After discussion with Devaraj and Owen, I summarize the approach here:
- Child.java can have cleanup code in finally block. This will make sure that the cleanup will happen if the failure is because of Exception/Error, this will cover a majority of cases.
- Any other type of fail or kill of the attempt makes it FAILED_UNCLEAN or KILLED_UNCLEAN. JobTracker will launch a separate cleanup task for FAILED_UNCLEAN and KILLED_UNCLEAN attempts. The cleanup task will take the attempt to FAILED or KILLED
- JT stops launching cleanup tasks for attempts once job succeeds/fails. As Devaraj told, this also means that the job level cleanup task (OutputCommitted.cleanupJob) has run, with the assumption that the job level cleanup has cleaned all garbage up.
Two approches here:
1. We can use the same attempt for launching the cleanup. Here, the same attempt will launched with starting state as *_UNCLEAN, instead of UNASSIGNED. When the cleanup is successful, it will go to FAILED or KILLED. If it fails, it will be left in *_UNCLEAN state.

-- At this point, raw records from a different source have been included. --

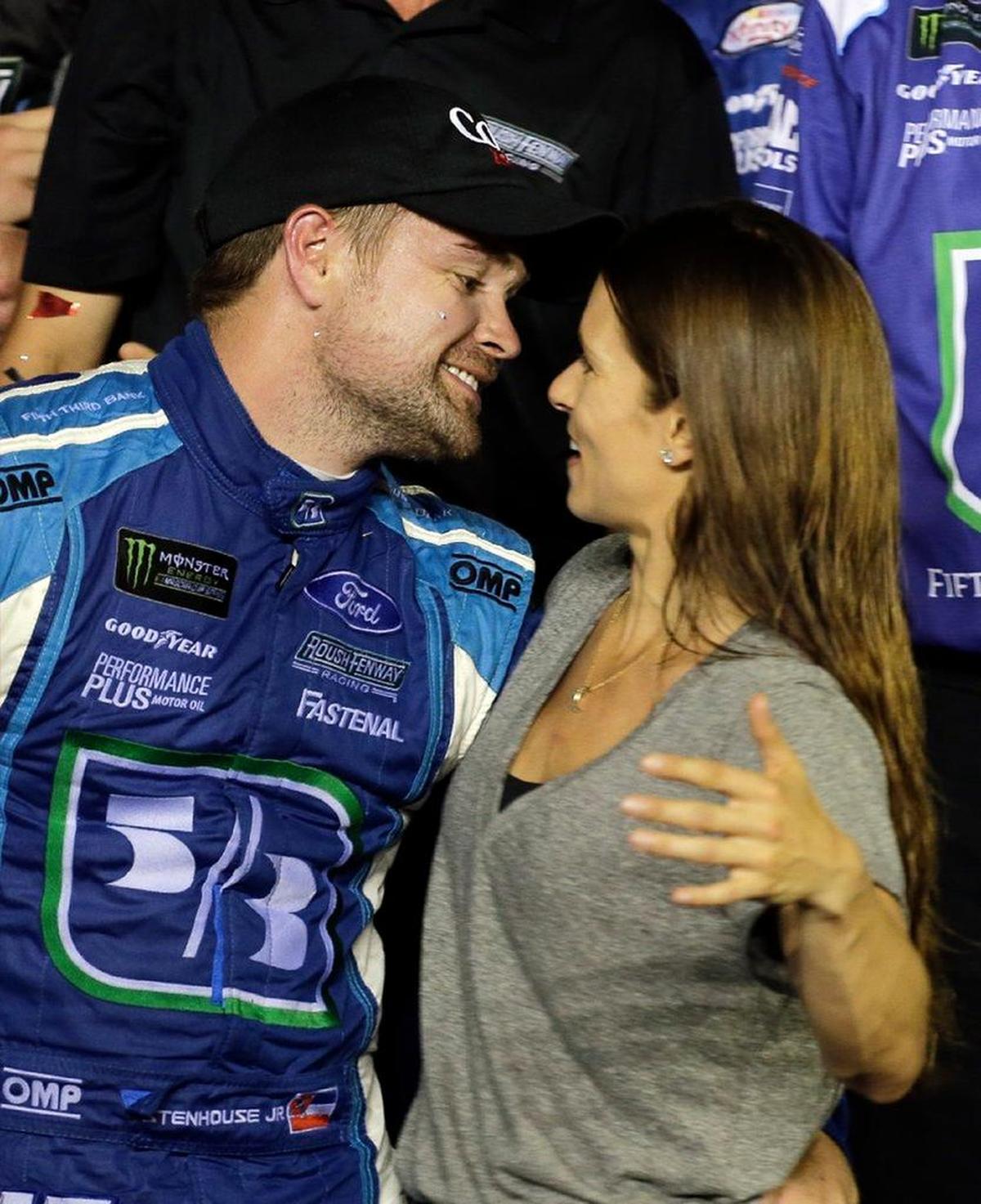 Danica Patrick, right, kissed boyfriend Ricky Stenhouse Jr. in victory circle at Daytona International Speedway Saturday night after Stenhouse Jr. won the Coca Zero 400. Patrick finished 25th in the race after getting collected in a late crash.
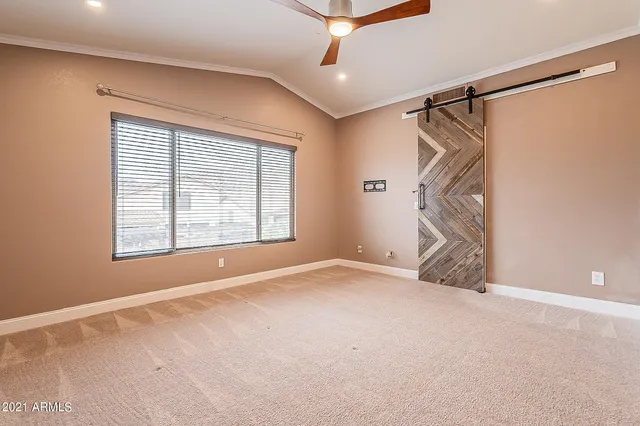 a view of an empty room with a window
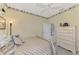 Serene bedroom with a dresser and access to the kitchen at 4259 Whispering Oaks Dr, North Port, FL 34287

We would need additional logic for scheduler to handle retries, if needed.
2. Have a separate tip for doing the cleanup. Associate the cleanup tip with failed/killed attempt, by passing the attempt_id through configuration.
Once the tip succeeds ( after four retry attempts, by default), it will move the corresponding attempt to FAILED or KILLED. If the tip fails, it will leave the attempt in *_UNCLEAN state.